Mariana Mazzucato says that rather than measuring the value of economic activity purely by its price, capitalism will be more purposeful when recognising that value is created collectively by business, government, and civil society

By Mariana Mazzucato*

One year ago, BlackRock chairman and CEO Larry Fink wrote a letter to 500 CEOs asking them to rethink their sense of purpose. “To prosper over time,” he wrote, “every company must not only deliver financial performance, but also show how it makes a positive contribution to society.”

Fink argued that companies’ excessive short-term focus was hurting their ability to create more value in the long run. Some prominent politicians – including US Senator Elizabeth Warren and (until Brexit torpedoed her policy agenda) British Prime Minister Theresa May – have also advocated a more inclusive and less predatory form of capitalism.

But despite these calls to action, little has changed. The financial sector remains self-obsessed and invests mostly in other parts of finance, insurance, and real estate. Companies also are overly financialised, spending more on share buybacks and dividends than on human capital, machinery, and research and development. And the buyback mania is getting worse, including at companies like Apple, where falling innovation is not unrelated to the failure to reinvest. Many businesses talk soothingly about corporate social responsibility, impact, and social purpose, but very few put these at the core of their operations.

Fink claimed that companies should instead focus on a broader group of stakeholders: “shareholders, employees, customers, and the communities in which they operate.” But this would require corporate governance structures that maximise stakeholder value, not shareholder value – and neither Fink nor other business luminaries seem willing to go down this “Scandinavian” path.
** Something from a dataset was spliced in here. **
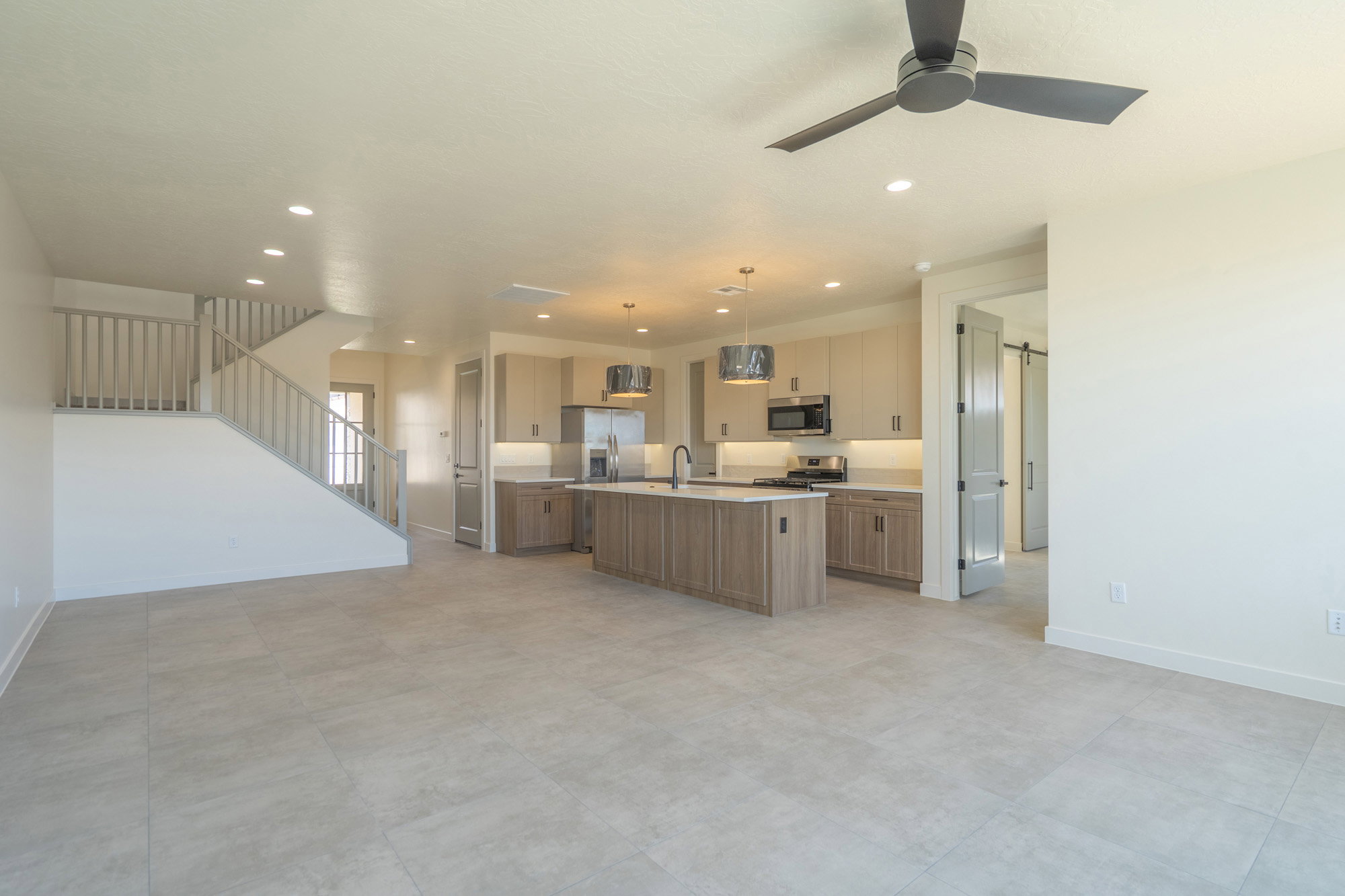 Open-concept living area featuring light-toned tile flooring, a contemporary kitchen with wood-finish cabinetry, a central island with an undermount sink, stainless steel appliances, and a modern ceiling fan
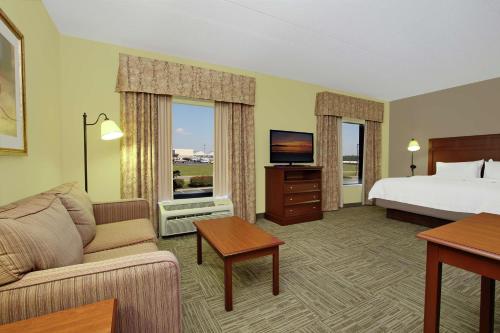 Habitación de hotel con cama, sofá y TV en Hampton Inn & Suites Murray, en Murray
Real change means putting purpose at the center of how value is defined by firms, governments, and the economic theory that informs policymakers. As I argue in my new book, Adam Smith and Karl Marx made the objective conditions of production – the division of labor, machinery, and capital-labor relations – central to their understanding of value. In neoclassical economics, however, value is merely a function of exchange. Only what has a price is valuable, and “collective” effort is omitted, because only individual decisions matter. Even wages are seen as outcomes of people’s utility-maximising choices between leisure and work.

In the neoclassical view, governments at best redistribute value created elsewhere. Furthermore, GDP doesn’t account for the value of essential public services such as health care and education. It does, though, account for their costs (teachers’ salaries, for example), so that civil servants cannot claim to be as “productive” as former Goldman Sachs CEO Lloyd Blankfein in 2009 infamously suggested his employees were.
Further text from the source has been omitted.